Segment Open

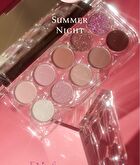 LUMMIR Light On My Eyes Shadow Palette - 4 Types - #03 Autumn Sunset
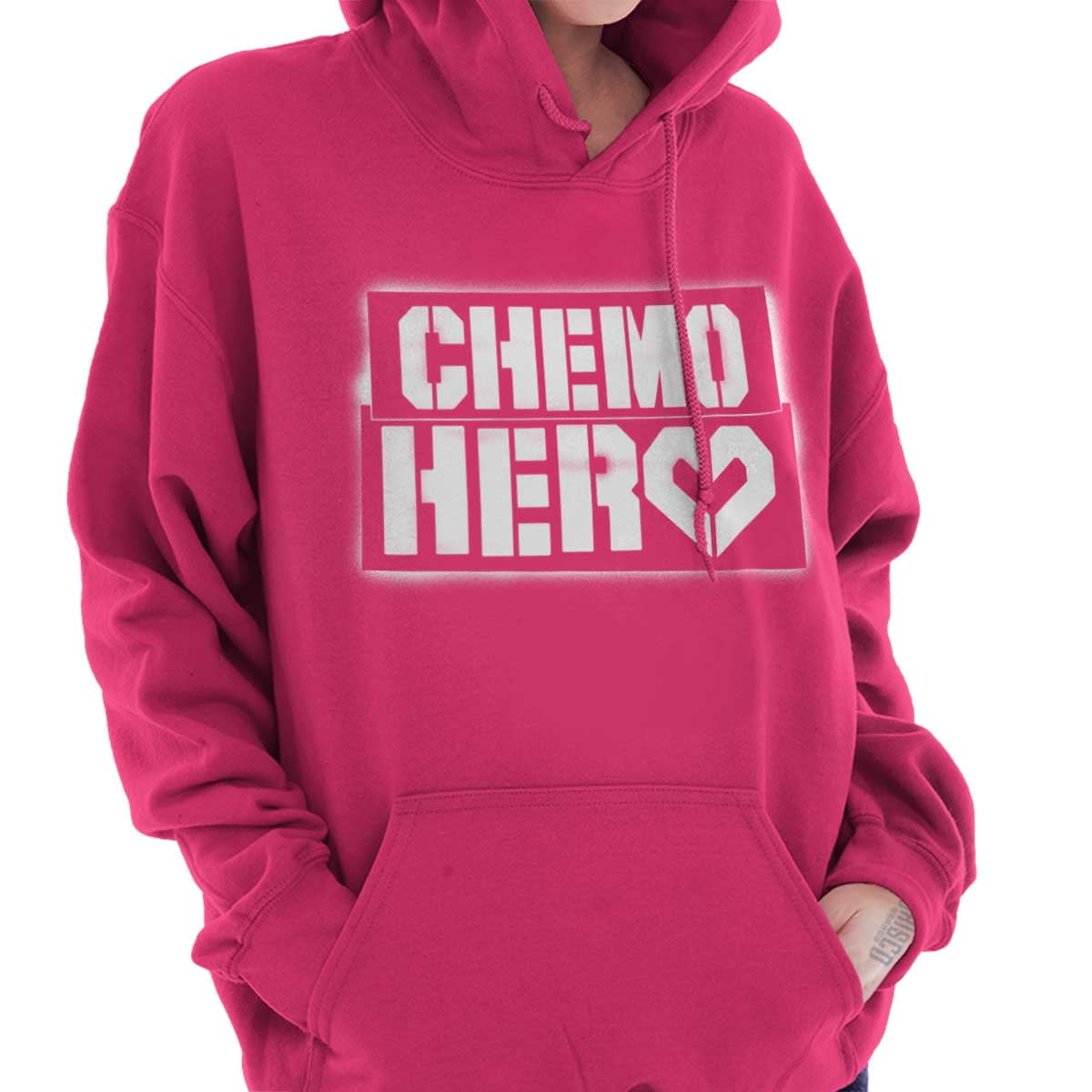 walmart pink sweatshirt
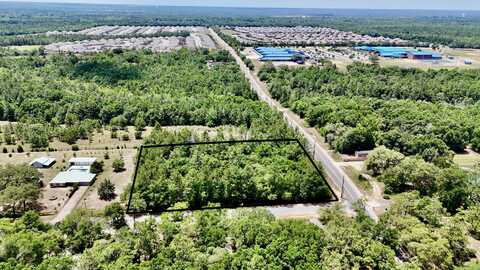 0 Earl Kennedy Road, Crestview, FL 32539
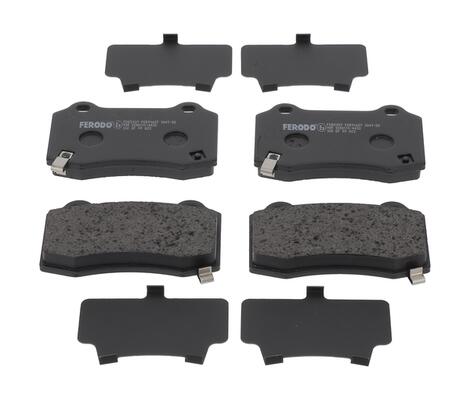 Remblokset Ferodo FDB5359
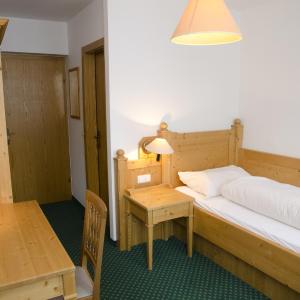 Single Room with Shower
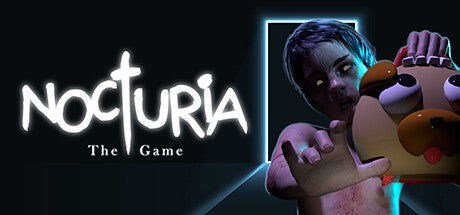 Buy Nocturia The Game Steam Key Default Title Steam key – fast digital delivery | Volt Keys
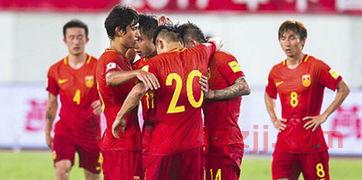 中国vs菲律宾足球直播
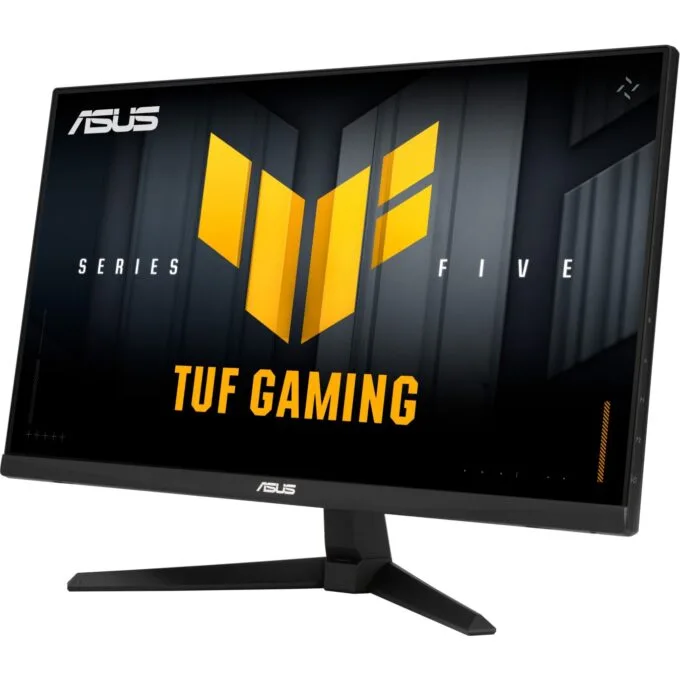 ASUS TUF Gaming VG249QM5A - VG249QM5A - 23.8" FHD IPS Monitor, HDMI DP — image 2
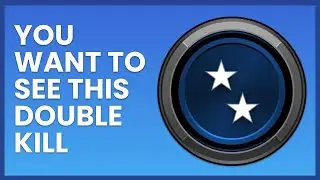 This Double Kill felt amazing in Halo: Infinite Multiplayer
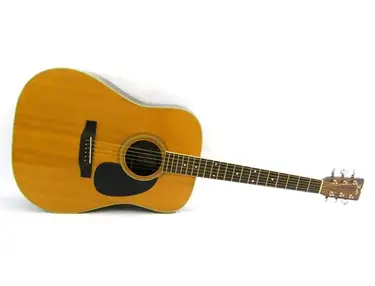 Fender F-75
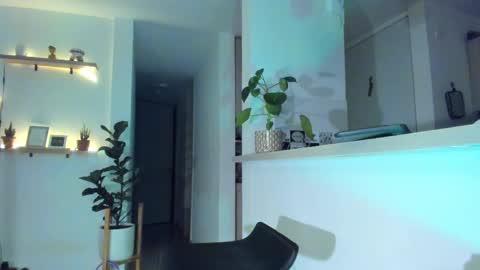 mariascarlett online show from 02/18/25, 01:10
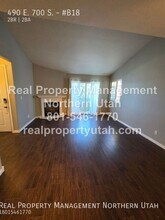 490 E 700 S in Clearfield, UT - Building Photo - Building Photo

Segment Closed

§ What to produce: Leave out every picture, and repeat word for word only the lines from the one holding "This Double Kill" through the end of the entries above, both ends included.

§ Output of the exercise:
 This Double Kill felt amazing in Halo: Infinite Multiplayer
 Fender F-75
 mariascarlett online show from 02/18/25, 01:10
 490 E 700 S in Clearfield, UT - Building Photo - Building Photo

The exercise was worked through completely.